We can again sum it up in one of the Beatitudes. This is the ultimate test of true repentance and the thing that differentiates it most of all from remorse—repentance gives us a hunger and thirst after righteousness. It makes us desire to be like Christ and more and more like Him, to be righteous and holy and clean. We do not simply feel sorrow because we have fallen again and because we are suffering afterwards and have let ourselves down—not at all. Remorse is negative—repentance is positive.
Oh for a heart to praise my God,
A heart from sin set free;
A heart that always feels Thy blood
So freely shed for me.
That is repentance.
David Martyn Lloyd-Jones, God the Holy Spirit (Wheaton, IL: Crossway Books, 1997), 137–138.
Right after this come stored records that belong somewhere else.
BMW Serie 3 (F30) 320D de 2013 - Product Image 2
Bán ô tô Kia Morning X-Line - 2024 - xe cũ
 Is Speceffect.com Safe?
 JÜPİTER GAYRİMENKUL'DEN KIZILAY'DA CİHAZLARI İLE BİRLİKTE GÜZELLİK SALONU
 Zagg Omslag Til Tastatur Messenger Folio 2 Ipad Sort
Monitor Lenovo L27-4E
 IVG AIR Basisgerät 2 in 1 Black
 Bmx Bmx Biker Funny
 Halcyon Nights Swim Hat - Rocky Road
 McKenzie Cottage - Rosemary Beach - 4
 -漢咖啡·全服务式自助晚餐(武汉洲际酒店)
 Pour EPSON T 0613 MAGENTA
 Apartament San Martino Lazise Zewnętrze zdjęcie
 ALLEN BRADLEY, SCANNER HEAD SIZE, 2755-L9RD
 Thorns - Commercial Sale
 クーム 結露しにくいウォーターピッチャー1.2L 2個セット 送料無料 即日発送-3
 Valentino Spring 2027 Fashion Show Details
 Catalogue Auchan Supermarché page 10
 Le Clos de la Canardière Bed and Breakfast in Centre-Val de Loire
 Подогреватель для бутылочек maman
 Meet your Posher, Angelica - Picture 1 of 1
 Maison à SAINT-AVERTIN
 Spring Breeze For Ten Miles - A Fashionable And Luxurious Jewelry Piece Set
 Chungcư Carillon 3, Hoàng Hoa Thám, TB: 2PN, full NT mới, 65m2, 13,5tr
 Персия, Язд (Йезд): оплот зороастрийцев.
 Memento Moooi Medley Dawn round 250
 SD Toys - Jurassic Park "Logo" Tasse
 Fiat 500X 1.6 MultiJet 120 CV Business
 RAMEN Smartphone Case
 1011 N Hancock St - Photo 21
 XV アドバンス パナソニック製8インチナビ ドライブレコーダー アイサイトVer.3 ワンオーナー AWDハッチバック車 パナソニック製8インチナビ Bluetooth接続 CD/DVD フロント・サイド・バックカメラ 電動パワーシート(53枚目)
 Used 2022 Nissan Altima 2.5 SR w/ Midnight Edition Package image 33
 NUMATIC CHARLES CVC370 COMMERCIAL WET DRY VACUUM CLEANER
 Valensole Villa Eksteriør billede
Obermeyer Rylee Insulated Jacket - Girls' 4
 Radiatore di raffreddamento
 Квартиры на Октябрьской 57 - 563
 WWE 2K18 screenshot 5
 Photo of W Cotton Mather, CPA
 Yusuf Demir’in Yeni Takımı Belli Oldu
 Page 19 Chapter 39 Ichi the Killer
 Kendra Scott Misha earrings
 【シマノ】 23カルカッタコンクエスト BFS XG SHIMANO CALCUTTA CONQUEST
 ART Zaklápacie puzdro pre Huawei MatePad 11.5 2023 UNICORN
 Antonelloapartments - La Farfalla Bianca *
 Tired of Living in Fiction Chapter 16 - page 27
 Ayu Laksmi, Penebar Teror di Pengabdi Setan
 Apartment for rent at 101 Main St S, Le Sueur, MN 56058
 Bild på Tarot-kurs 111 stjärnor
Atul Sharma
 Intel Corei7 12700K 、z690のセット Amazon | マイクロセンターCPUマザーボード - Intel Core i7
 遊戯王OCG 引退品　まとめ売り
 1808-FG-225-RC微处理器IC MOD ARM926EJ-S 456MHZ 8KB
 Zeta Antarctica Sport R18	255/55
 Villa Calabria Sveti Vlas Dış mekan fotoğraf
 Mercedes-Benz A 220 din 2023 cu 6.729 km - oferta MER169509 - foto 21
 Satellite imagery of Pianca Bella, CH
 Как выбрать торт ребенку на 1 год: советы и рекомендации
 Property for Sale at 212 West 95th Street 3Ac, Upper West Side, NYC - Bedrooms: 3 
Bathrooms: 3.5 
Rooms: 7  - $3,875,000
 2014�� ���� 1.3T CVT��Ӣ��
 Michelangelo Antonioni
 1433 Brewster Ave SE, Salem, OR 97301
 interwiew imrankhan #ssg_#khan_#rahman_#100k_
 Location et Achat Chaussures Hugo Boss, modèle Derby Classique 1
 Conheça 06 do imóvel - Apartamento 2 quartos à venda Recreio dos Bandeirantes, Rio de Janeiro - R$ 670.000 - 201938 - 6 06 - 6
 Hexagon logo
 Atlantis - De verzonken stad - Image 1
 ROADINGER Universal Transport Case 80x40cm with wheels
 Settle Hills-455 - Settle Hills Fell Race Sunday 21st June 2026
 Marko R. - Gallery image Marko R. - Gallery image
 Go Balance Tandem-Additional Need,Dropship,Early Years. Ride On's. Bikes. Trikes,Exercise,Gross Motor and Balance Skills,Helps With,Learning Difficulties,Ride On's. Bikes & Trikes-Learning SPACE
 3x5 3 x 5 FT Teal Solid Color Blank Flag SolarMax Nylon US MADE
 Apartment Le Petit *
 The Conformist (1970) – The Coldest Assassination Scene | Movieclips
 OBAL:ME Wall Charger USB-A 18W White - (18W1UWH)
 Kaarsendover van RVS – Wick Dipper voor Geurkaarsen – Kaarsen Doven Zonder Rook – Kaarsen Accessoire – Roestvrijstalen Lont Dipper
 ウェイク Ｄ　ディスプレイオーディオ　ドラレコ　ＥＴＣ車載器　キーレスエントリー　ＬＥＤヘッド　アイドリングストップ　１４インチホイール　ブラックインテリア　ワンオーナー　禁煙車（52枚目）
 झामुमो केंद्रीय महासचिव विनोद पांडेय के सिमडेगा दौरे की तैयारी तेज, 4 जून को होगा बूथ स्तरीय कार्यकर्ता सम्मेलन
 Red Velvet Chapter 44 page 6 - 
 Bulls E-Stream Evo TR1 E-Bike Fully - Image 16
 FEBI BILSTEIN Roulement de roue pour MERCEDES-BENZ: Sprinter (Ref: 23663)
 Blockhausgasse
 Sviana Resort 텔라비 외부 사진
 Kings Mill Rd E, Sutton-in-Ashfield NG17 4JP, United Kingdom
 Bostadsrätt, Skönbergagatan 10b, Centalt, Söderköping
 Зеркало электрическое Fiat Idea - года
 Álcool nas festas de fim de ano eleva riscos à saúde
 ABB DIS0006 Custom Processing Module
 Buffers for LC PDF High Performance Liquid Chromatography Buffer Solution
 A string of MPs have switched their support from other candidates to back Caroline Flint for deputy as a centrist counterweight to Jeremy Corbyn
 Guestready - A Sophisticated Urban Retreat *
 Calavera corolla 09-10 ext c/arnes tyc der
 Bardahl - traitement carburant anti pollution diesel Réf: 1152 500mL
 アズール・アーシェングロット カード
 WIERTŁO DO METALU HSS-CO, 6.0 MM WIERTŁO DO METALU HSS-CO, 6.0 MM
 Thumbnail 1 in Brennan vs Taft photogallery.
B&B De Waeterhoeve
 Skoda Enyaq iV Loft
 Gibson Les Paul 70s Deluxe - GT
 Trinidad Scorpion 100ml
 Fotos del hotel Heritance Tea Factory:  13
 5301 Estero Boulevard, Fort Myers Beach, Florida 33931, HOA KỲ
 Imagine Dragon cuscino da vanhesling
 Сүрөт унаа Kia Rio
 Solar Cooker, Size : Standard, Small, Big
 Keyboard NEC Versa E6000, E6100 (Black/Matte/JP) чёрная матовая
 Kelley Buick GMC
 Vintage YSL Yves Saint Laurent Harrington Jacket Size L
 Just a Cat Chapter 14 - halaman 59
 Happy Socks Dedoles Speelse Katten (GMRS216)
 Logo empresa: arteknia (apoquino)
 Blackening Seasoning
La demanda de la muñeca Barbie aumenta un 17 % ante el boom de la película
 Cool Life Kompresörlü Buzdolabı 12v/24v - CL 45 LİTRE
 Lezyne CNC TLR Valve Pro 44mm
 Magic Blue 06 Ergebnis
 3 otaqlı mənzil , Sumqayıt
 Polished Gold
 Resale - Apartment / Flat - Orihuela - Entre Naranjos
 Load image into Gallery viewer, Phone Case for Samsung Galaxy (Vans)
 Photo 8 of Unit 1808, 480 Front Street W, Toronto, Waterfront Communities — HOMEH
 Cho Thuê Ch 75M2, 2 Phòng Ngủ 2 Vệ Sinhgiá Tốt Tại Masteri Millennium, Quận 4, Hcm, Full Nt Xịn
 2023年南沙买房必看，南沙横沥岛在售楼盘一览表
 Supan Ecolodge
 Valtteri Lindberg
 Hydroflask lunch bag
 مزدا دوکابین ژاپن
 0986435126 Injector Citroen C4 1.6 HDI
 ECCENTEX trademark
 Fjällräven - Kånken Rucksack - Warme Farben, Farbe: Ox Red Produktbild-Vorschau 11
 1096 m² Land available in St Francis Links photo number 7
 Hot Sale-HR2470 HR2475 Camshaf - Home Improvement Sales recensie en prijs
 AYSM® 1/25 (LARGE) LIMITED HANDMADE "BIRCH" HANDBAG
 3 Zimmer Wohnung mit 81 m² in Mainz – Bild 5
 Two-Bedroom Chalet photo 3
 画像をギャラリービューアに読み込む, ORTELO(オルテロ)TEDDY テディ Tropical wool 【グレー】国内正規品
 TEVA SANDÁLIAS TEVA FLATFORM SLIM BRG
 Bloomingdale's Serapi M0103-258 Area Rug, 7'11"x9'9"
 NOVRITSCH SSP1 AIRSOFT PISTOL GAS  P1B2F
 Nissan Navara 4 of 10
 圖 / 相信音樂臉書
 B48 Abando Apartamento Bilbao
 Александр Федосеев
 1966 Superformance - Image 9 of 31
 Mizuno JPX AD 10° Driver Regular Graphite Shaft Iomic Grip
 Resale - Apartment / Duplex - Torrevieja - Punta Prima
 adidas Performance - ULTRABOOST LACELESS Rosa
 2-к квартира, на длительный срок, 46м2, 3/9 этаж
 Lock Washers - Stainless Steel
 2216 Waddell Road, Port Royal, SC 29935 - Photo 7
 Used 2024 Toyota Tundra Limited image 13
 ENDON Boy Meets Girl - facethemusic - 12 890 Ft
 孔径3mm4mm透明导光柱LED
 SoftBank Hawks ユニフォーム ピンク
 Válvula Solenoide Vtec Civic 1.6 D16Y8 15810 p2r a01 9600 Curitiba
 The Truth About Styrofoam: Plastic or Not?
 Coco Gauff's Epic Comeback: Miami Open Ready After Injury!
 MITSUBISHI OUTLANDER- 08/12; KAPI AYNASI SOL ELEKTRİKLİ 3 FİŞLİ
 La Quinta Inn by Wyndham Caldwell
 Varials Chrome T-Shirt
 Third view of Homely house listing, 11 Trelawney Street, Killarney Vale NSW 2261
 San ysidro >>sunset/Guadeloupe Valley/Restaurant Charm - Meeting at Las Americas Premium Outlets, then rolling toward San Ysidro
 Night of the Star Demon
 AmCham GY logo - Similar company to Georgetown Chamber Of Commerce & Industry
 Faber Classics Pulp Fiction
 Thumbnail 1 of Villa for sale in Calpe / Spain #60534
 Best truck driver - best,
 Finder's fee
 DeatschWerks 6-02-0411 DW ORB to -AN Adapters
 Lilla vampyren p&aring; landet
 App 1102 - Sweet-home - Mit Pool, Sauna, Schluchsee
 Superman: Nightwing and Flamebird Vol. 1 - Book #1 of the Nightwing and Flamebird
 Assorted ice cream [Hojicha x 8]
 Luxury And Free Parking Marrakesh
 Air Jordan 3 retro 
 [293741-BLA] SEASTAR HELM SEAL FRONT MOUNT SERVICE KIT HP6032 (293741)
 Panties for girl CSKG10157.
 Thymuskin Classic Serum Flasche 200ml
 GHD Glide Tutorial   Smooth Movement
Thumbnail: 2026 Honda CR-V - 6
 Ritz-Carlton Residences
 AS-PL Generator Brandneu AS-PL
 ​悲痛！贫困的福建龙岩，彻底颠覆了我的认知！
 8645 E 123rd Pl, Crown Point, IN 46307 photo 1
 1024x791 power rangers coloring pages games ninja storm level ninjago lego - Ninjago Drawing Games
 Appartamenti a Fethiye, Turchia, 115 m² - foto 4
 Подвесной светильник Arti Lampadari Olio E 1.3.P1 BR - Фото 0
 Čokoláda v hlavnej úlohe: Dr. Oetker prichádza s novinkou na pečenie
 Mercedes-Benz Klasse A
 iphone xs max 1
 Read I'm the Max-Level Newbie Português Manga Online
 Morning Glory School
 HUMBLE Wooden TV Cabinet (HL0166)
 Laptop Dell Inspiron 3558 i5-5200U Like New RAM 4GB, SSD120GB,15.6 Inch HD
It is the Spirit who shows us our need, it is He who reminds us of our sin. There is nothing that is so likely to lead a man to prayer as his consciousness of his sin and of his need. And this is the peculiar work of the Holy Spirit. You see the difference between merely rushing into the presence of God with certain petitions, and truly having fellowship and communion. You say to yourself, I am going to have this audience with the King eternal, immortal, invisible. Who am I to go in? What kind of a creature am I? How am I clad, how am I shod, what is my appearance? In other words, the Holy Spirit is making you see your sin, He is convincing you and convicting you of your need, He is creating within you a godly sorrow, a true repentance. That is most conducive to prayer. He is preparing you.
David Martyn Lloyd-Jones, God’s Way of Reconciliation: An Exposition of Ephesians 2 (Grand Rapids: Baker Book House, 1972), 273–274.